# [Source material]
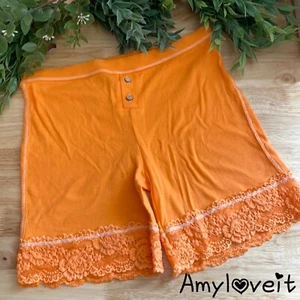 Free People Lace Trim Ribbed Shorts Size XS New - Picture 1 of 4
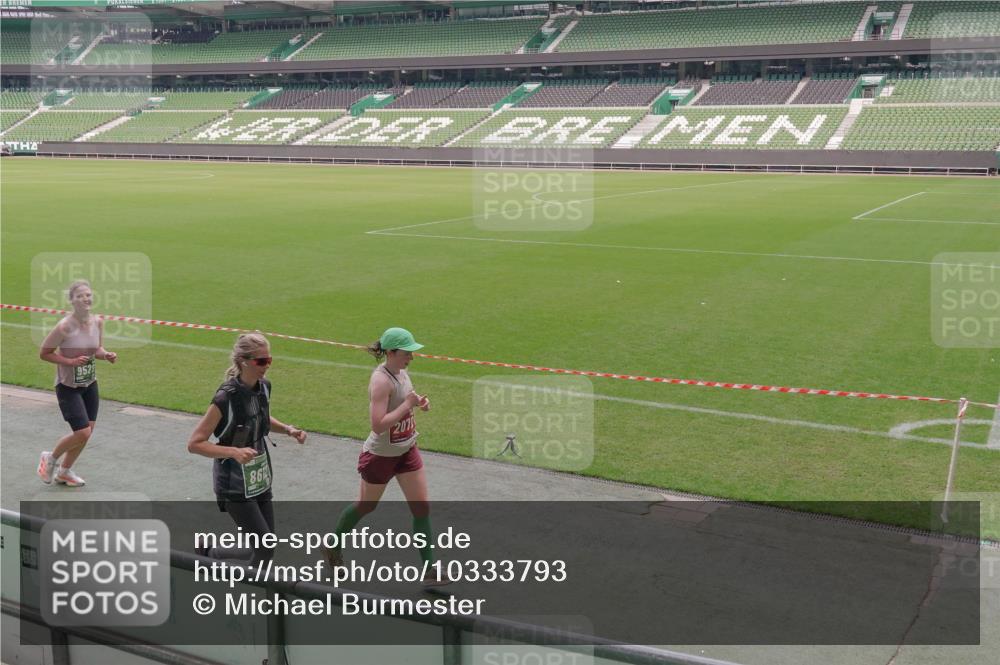 13.09.2026 - 21. swb-Marathon Bremen Michael Burmester http://msf.ph/oto/10333793 13.09.2026 13:06:49 Laufen im Stadion 109, 132, 156, 217, 244, 287, 303, 310, 372, 394, 430, 454, 489, 578, 607, 613, 682, 716, 784, 831, 834, 846, 891, 900, 922, 1083, 1173, 1189, 1205, 1274, 1365, 1369, 1380, 1387, 1437, 1532, 1533, 1545, 1574, 1581, 1600, 1823, 1841, 1848, 1854, 1871, 1909, 1926, 1938, 2070, 2076, 2090, 2219, 2244, 2265, 2275, 2283, 2310, 2318, 2355, 2356, 2393, 2440, 2464, 2699, 2707, 2721, 2731, 2755, 2818, 2902, 2911, 2949, 2960, 3115, 3444, 3485 meine-sportfotos.de
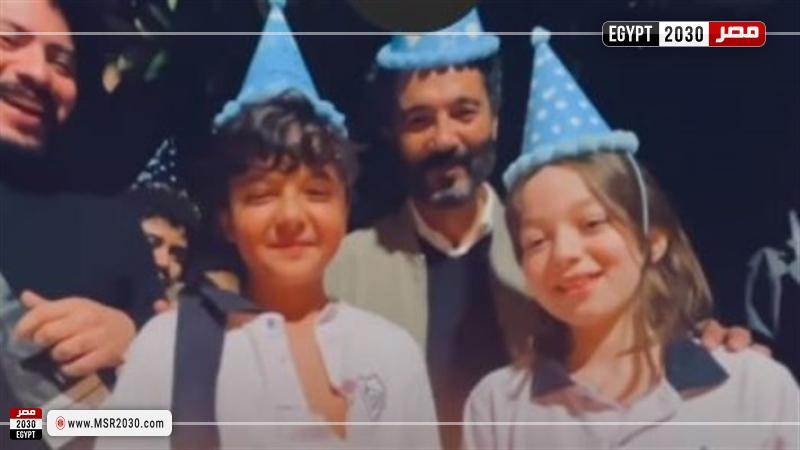 خالد النبوي يحتفل بعيد ميلاد منى أحمد زاهر وآدم وهدان 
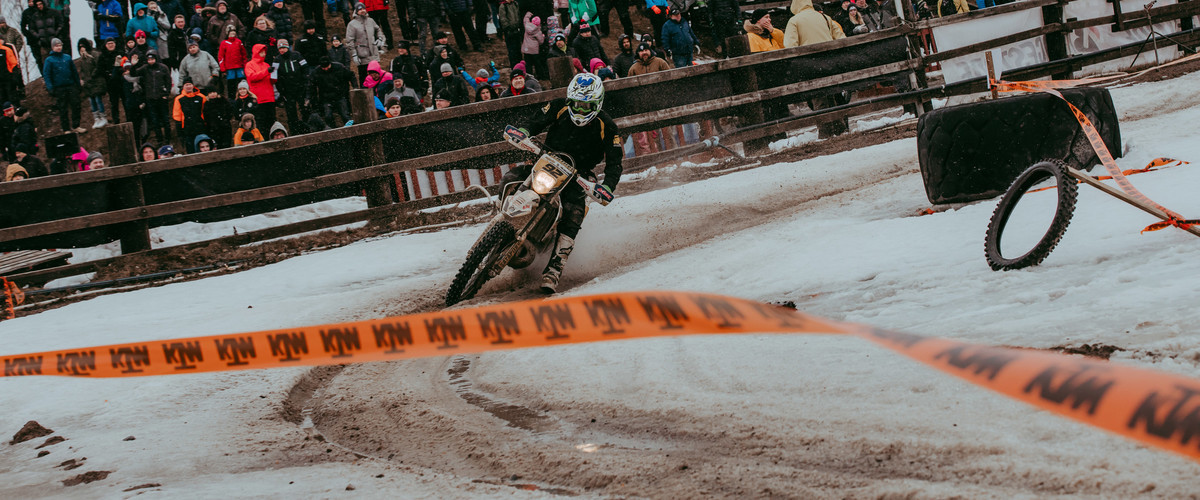 Banner Paitsi 2019 su - foto Milla Vahtila (35 of 61)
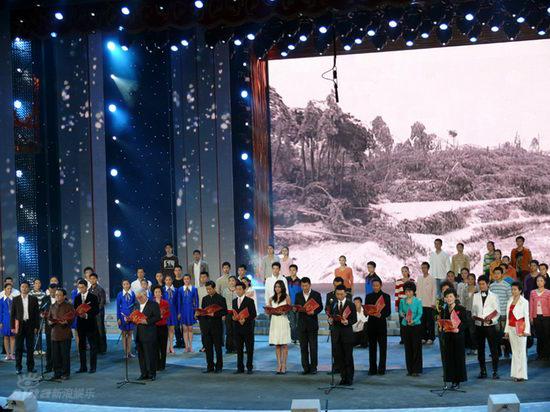 剧照-图文：央视春晚录制备播带--诗朗诵温暖2008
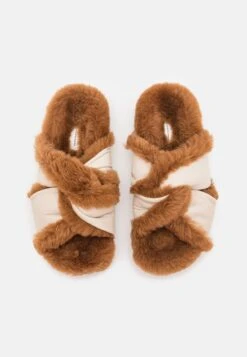 By Malene Birger Moria - Pantuflas - Wood 13 By Malene Birger Moria - Pantuflas - Wood -Tienda De Moda Femenina bc589a99e31e4b5ab7e40b1945f000a1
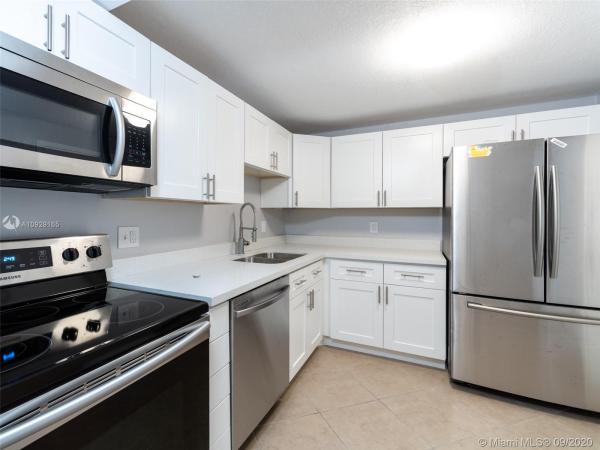 Carlton Bay, 2821 N Miami Beach Blvd #3F, North Miami Beach, Florida 33160, image 2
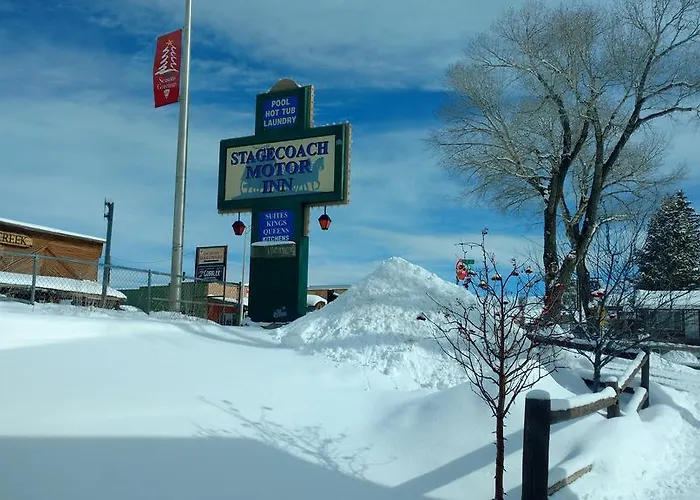 Stagecoach Inn & Suites 2*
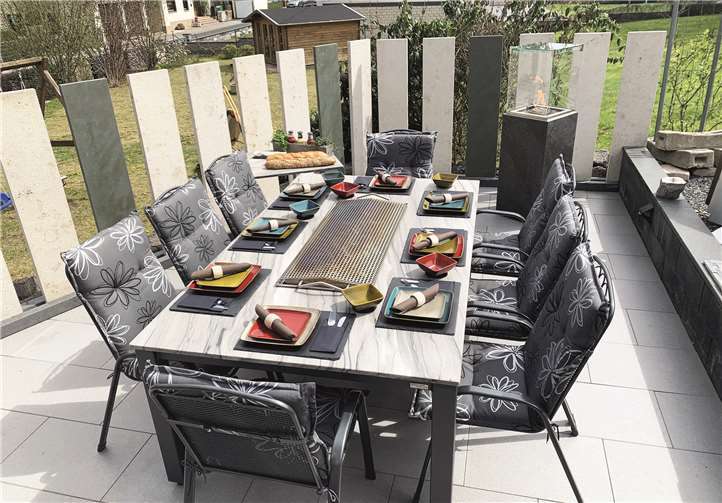 An diesem für acht Personen ausgerichteten Tisch ist jeder sein eigener Grillmeister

# [What is needed]
Go through the material above and retype every line exactly, without the images.

# [Worked solution]
 Free People Lace Trim Ribbed Shorts Size XS New - Picture 1 of 4
 13.09.2026 - 21. swb-Marathon Bremen Michael Burmester http://msf.ph/oto/10333793 13.09.2026 13:06:49 Laufen im Stadion 109, 132, 156, 217, 244, 287, 303, 310, 372, 394, 430, 454, 489, 578, 607, 613, 682, 716, 784, 831, 834, 846, 891, 900, 922, 1083, 1173, 1189, 1205, 1274, 1365, 1369, 1380, 1387, 1437, 1532, 1533, 1545, 1574, 1581, 1600, 1823, 1841, 1848, 1854, 1871, 1909, 1926, 1938, 2070, 2076, 2090, 2219, 2244, 2265, 2275, 2283, 2310, 2318, 2355, 2356, 2393, 2440, 2464, 2699, 2707, 2721, 2731, 2755, 2818, 2902, 2911, 2949, 2960, 3115, 3444, 3485 meine-sportfotos.de
 خالد النبوي يحتفل بعيد ميلاد منى أحمد زاهر وآدم وهدان 
 Banner Paitsi 2019 su - foto Milla Vahtila (35 of 61)
 剧照-图文：央视春晚录制备播带--诗朗诵温暖2008
 By Malene Birger Moria - Pantuflas - Wood 13 By Malene Birger Moria - Pantuflas - Wood -Tienda De Moda Femenina bc589a99e31e4b5ab7e40b1945f000a1
 Carlton Bay, 2821 N Miami Beach Blvd #3F, North Miami Beach, Florida 33160, image 2
 Stagecoach Inn & Suites 2*
 An diesem für acht Personen ausgerichteten Tisch ist jeder sein eigener Grillmeister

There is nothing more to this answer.